As always, I try different things at the same time so it is hard to judge. This time I took 600 mg NAC twice yesterday thanks to Park_bear's recent post and it was the best day in 2 months. The confounding factors are: I stopped my 7 cups of coffee (1/3 cup of coffee grains in 16 oz) per day due to excessive anxiety and feeling ill and confused about 5 days ago. At that time I also started taking very small doses of an SSRI anti-depressant Zoloft, 5 mg/day. Both of these things have major effects, but yesterday was a leap ahead of my expectations.
I previously bought a pulse oxymeter to measure blood oxygen ($15 Amazon) also based on Park_Bear's suggestion and noticed I was consistently low at about 92 to 95% when people around me were almost always >96%. Also, in playing with the kids and showing them blood under a microscope, I used my blood and my wife's blood. Without thinking about it, we marveled at the time at how much redder her blood was, seeming to have a higher red blood cell count. After months, I finally asked myself how can I get this higher? Doh, iron. Maybe I blocked this thought out in the past because it is part of the complex process that causes damage in PD, and the vast majority of supplements that reduce PD in animal tests are iron-chelators (caffeine, nicotine, gallic acid in black tea...seemingly every PD supplement I checked). However, there was this one annoying abstract seeming to go against the few other abstracts concerning iron that indicated higher blood iron had the least incidence of PD, something like 11x fewer cases which has to be an error, and the wording or my reading of it may have somehow been backwards. So I took a double-dose of iron for a week and single doses since then and the oxymeter has consistently read 96% to 97% since then (2 months?). I checked my blood tests from the past two years and my RBC and iron were indeed borderline on the low end. That seemed to help a lot but then problems returned, which I have now largely identified as a caffeine overdose.

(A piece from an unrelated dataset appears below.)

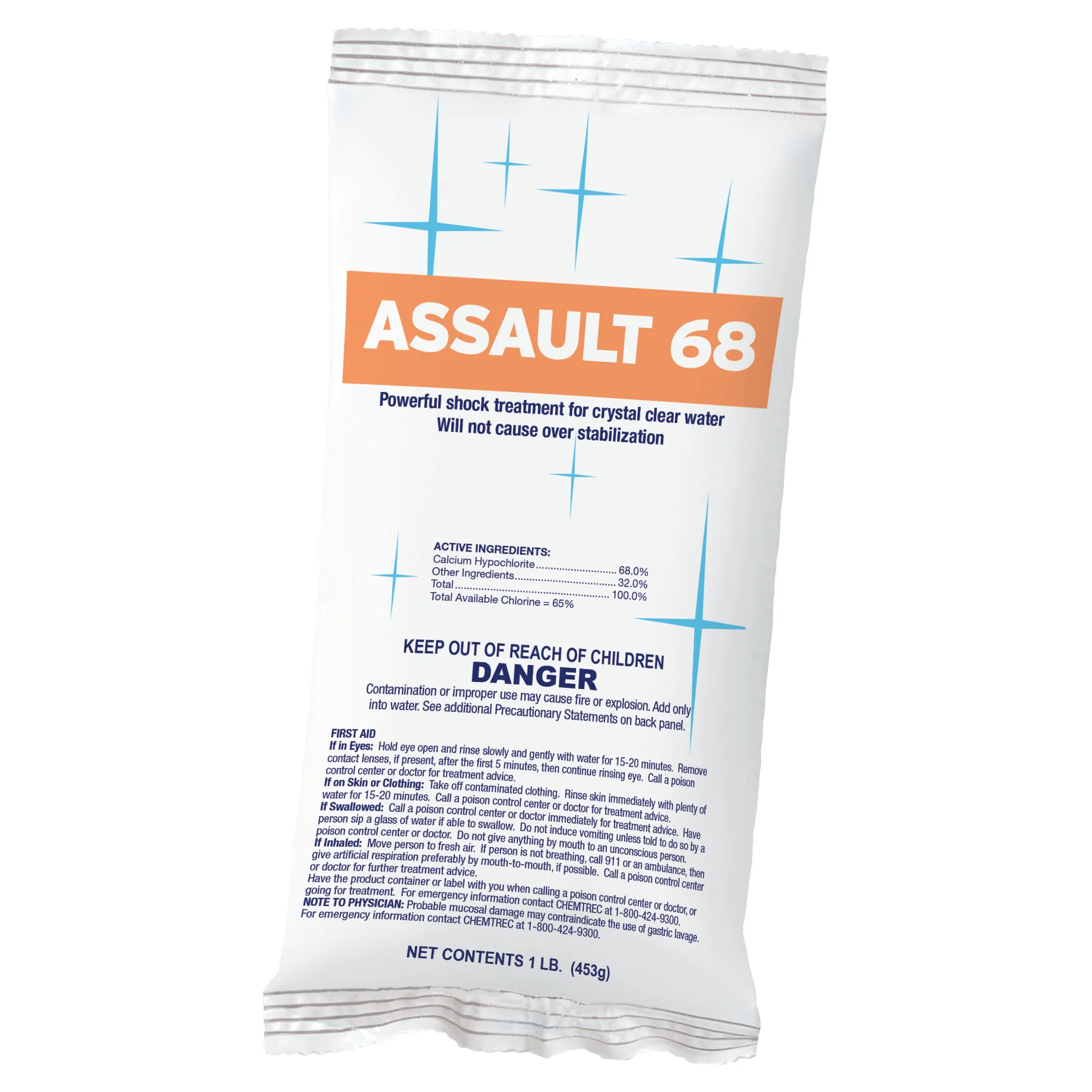 DuraChlor 1 Lb Assault 68 Granular Shock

Consistent with the low-iron theory, I have had a strong feeling I was missing something in my diet the past two years, but never specifically felt like eating dirt (clay?) which is a symptom of low iron, at least in cultures that teach it. But as many of my previous posts show, I constantly felt like I was not getting enough oxygen to my brain except during exercise.
I also take nilotinib off and on and the jury is still out for me. That's another confounding factor, along with not being able to be consistent with exercise.
I have not been diagnosed with PD, but have a thumb tremor, no sense of smell, persistent anxiety, essential tremor during emotional stress, and days of confusion and inability to concentrate. Strangely, my balance is better than it was two years ago.
More consistent with non-PD neurological issues, I have absolutely no sense of thirst. (I've also recently started taking salt which I usually never add to meals).